Impact of the vadose zone (I)
The vadose zone of the research area comprised of clay, silt, and gravel (Fig. 7). Clay occupies about 95.8% of the research area, and the minimum index weightage of 8 with ranking of 1 has been ascribed to the zone. An elevated index weightage of 18 with ranking of 3 has been ascribed to the gravel encompassing 0.82% of the research area.
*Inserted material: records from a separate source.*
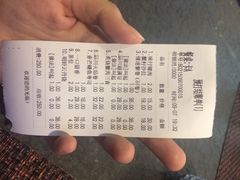 瀛川创意寿司-瀛川尚品(车陂利丰天地店)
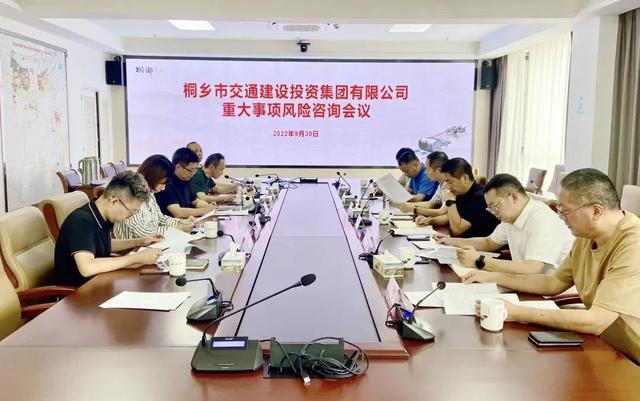 开云 开云体育平台桐乡交投：清风大道“桐”行致远为交通工程建设保驾护航(图2)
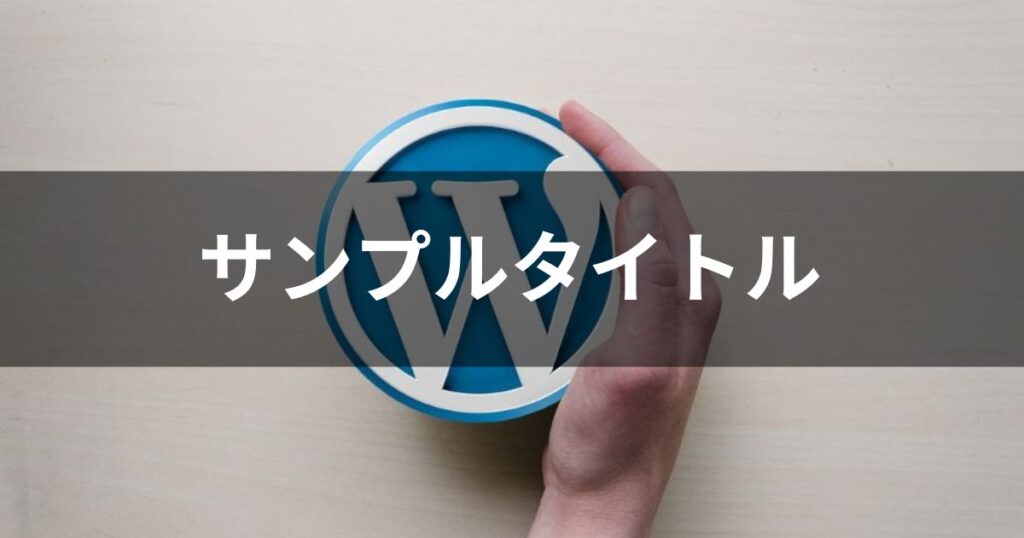 アイキャッチ画像_サンプル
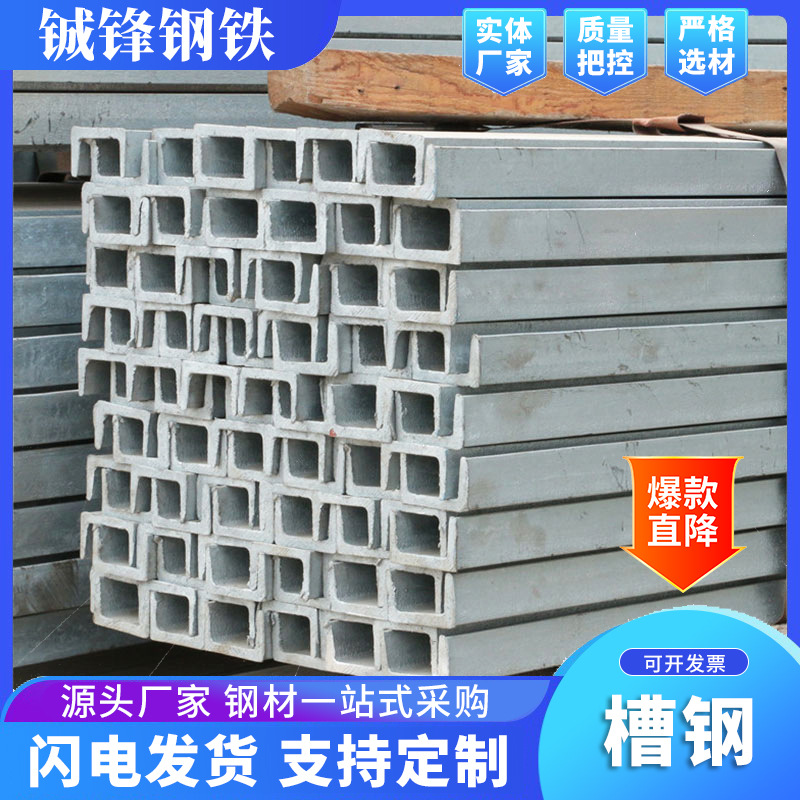 广东现货型材焊接U型槽钢钢结构槽钢条8#10#热轧黑料槽钢冲孔切割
The northern, north western, central, and southern segments (Abakaliki, Ofe Iyioku, Ikpirikpiri, Agalagu, Umuoghara, Idembia Izzi, Agbaja, Ugbuloke, Achara Umuhu, Ndiechi, Obusia Amachi) of the area comprises of clay type vadose media with moderate rate of pollution. Besides, the north eastern and small pocket in the south eastern portions (Aghameghu, Obeagu, Ezzeagu) can be described by silt and gravel vadose media, with high seepage rate and greater danger of contamination.
Hydraulic conductivity (C)
Hydraulic conductivity values in the research region range from 0.00106 to 0.05499 m/day and are divided into five categories (Fig. 8). Total 79.58% of the research area possesses hydraulic conductivity values varying from 0.00106 to 0.01185 m/day, with the ascribed index weightage 2 and ranking of 1. Hydraulic conductivity values ranging from 0.04421 to 0.05499 m/day, covering 0.57% of the research area, were given a higher index weightage of 10 with a ranking of 5. The northern, southern, western, and south eastern regions largely Enyibichiri-Izzi, Agalagu, Umuoghara, Mgbabor, Abakaliki, Agbaja, Ugbuloke, Ofe Iyioku, Achara Umuhu, and Aboffia show relatively lower hydraulic conductivity. So, the contamination risk is lesser in these areas. However, the hydraulic conductivity in the north eastern regions (Obeagu, Ezzeagu, Aghameghu) is relatively higher varying from 0.03343 to 0.05499 m/day; thus the danger of contamination is higher in these zones.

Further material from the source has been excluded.